From left: Max Mirnyi, Rodionov, Kei Nishikori and Frana practice in Kitzbuhel.
Their partnership clicked from the start. Literally. In their first tournament together, in February, Rodionov lifted the trophy on the indoor hard courts of Dallas. And just two weeks later, he would add another Challenger crown in Morelos, Mexico.
From entering Dallas with the goal of winning just one match, Rodionov enjoyed the best month of February of any player on the ATP Challenger Tour. He posted a 15-2 record, soaring to a career-high No. 166 in the FedEx ATP Rankings.
“He is discovering everything he is capable of,” said Frana. “When we first started, I was just finishing my time working in television. I suggested that we work for three weeks together and see what happens from there. We met in Dallas. It was our first tournament together and he won the title. It was incredible.
“Now, in a Grand Slam and against a very good player, it was exciting and a very big challenge for him. It also became an accelerated course for Jurij, for him to learn and be able to discover things that he knew he was able to achieve. These are signs that will be very valuable in the future.”
Rodionov points to Frana after punching his Roland Garros ticket from qualifying.
Under Frana’s tutelage, Rodionov understands that a match like this will benefit his progression in the long run. The Austrian faced a season’s worth of adversity in the span of four hours and 36 minutes. From trailing by two sets to none, to facing a match point in the third set tie-break, to failing to serve out the encounter on two occasions and seeing six match points slip away in the deciding set, it made Rodionov dig deep like never before. And it forced him to summon all those lessons learned under Frana in his breakthrough month of February on the Challenger circuit.
“When I was two sets down, I just wanted to enjoy it. I think I was more relaxed knowing that it could have been my last set. I started hitting bigger and was risking more. It was my first Grand Slam, so I’d be stupid to not fight for it. I wanted to take every chance I could get.”
When asked if any doubts crept into his mind after six match points came and went, Rodionov did not hesitate.
“I thought that after my first match point. It was 40/15 on my serve at 5-4 in the fifth set. Until that point, I was playing very solid and serving good and stepping into the court. Then suddenly it was match point and I started to push the ball. I thought to myself, ‘This can’t be happening, what am I doing?’ I was so tight. I could barely hit my serve. But I kept telling myself to play my game and stay solid. Luckily, on the seventh try I got through.”

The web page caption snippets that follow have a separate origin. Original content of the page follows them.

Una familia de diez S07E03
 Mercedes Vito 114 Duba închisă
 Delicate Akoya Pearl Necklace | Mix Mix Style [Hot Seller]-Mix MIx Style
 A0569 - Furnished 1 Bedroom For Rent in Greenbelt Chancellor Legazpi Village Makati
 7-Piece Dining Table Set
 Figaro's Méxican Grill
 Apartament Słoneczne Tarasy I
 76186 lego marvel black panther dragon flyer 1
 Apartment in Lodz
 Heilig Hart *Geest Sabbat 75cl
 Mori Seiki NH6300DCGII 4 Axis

Rodionov has Belarusian heritage in his blood. His parents, Sergui and Galina, are natives of Belarus and moved to Nuremberg, Germany in 1996. Three years later, Jurij was born. They relocated to Austria soon after.
One of just five players with multiple Challenger titles this year, Rodionov is hoping to continue his push towards the year-end Top 100 at Roland Garros. Next up is a second-round encounter against Norbert Gombos on Court 11 on Wednesday. It will be their first meeting.
“I’m very proud of myself, but I’m still in the tournament and I have a lot of chances to achieve more. Now I’m focusing on what to do next, rather than how well I did in the first round. After the week, I will look back on my accomplishments, but now I am looking forward to Wednesday. Step-by-step, match-by-match.”